I discover two distinct endings after returning all the artifacts to the Collector, and both of them disappoint me. One is an obvious twist ending, an eye-rolling conclusion to a psychological horror videogame. The other has a more vague resolution but with hints at a happier outcome for the people of Greater Marrow. Both require me to deliver the fisherman to a point on the map, whereupon the story unceremoniously ends. A final confrontation would have been appreciated, but there simply isn’t one. Dredge begins with an explosion of horror and mystery; it ends with a puff of cliché and indifference.

Filling in the fisherman’s encyclopedia is a much more interesting activity than pursuing all the macguffins.

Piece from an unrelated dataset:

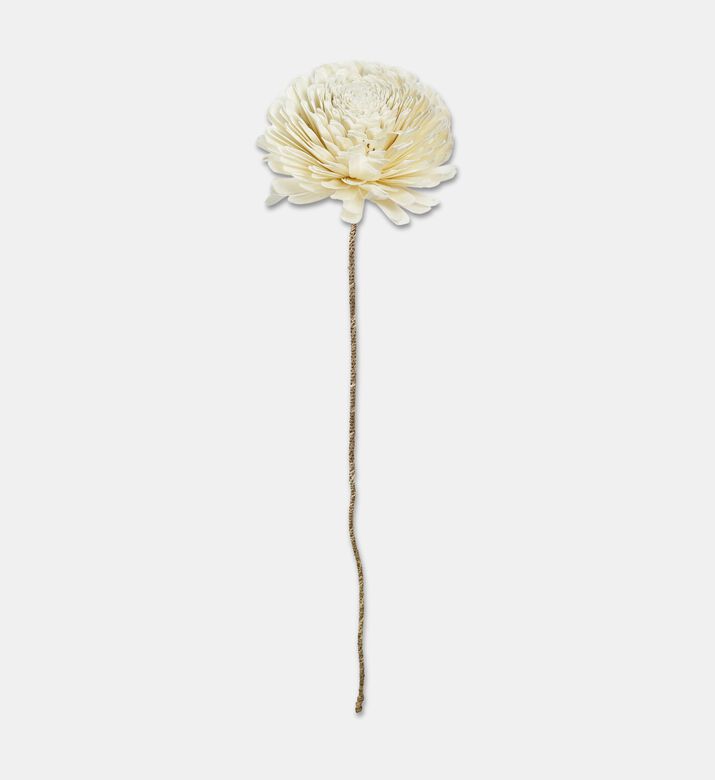 Shishi Dried Sola Flower, Packshot View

Story simply isn’t Dredge’s primary focus, and it doesn’t need to be to create an engrossing experience. Though the hunt for the Collector’s artifacts draws me to all corners of the map, it is my desire to capture all the fish, complete all the sidequests, and discover every hidden secret that keeps me interested.

Even as the credits roll, I still have over fifty fish to capture to fill out the fisherman’s encyclopedia. Most of these are Aberrations, rare mutations of fish that appear randomly in pools alongside their more common varieties. Some of the sidequests can be frustrating—one set involving hooded men who request specific types of fish are time limited, and I don’t complete a single one of them before the hooded men seemingly starve to death. The unmarked secrets are perhaps the most fascinating. Shrines dotted across the islands can be opened by offering up specific types of fish. They reward the fisherman with macabre and obviously supernatural fishing equipment that can give a decisive edge if I seek them out.

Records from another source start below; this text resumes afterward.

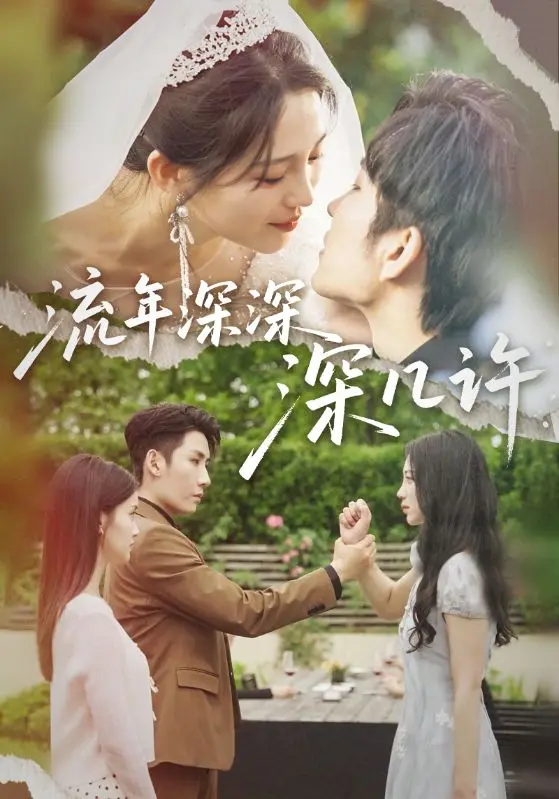 《流年深深深几许》深度内容解析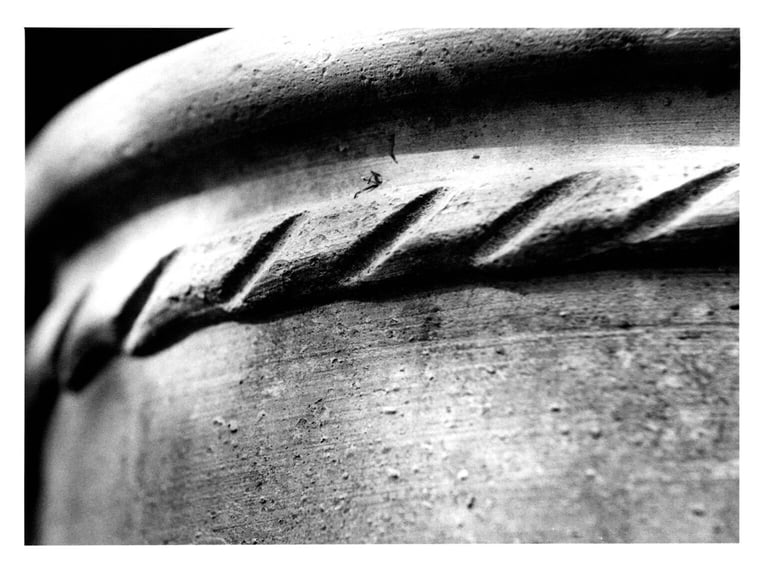 A black and white picture of a garden pot lit with light and shadows in the afternoon. : Slawek Dejneka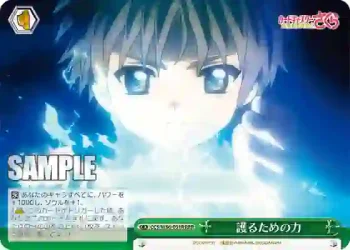 CCS/W66-051R RRR 護るための力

The fisherman’s boat carefully navigates the flooded ruins of an ancient city.

Dredge is the most interesting indie videogame of 2023 so far. I particularly enjoy its setting. At first glance, the islands around Greater Marrow appear ordinary, supporting a simple fishing videogame where the fisherman and I catch fish, sell them for money, and upgrade the boat so we can catch more fish. This proven and effective loop is bolstered by the horror mechanics. Dredge is never truly scary, but its many mechanics layer palpable stress and paranoia on top of ordinary entrepreneurial design. That the story is predictable, mostly forgettable, and ends in an anticlimax barely matters. The rest of Dredge is engrossing and original. It’s the first don’t-miss indie of the year.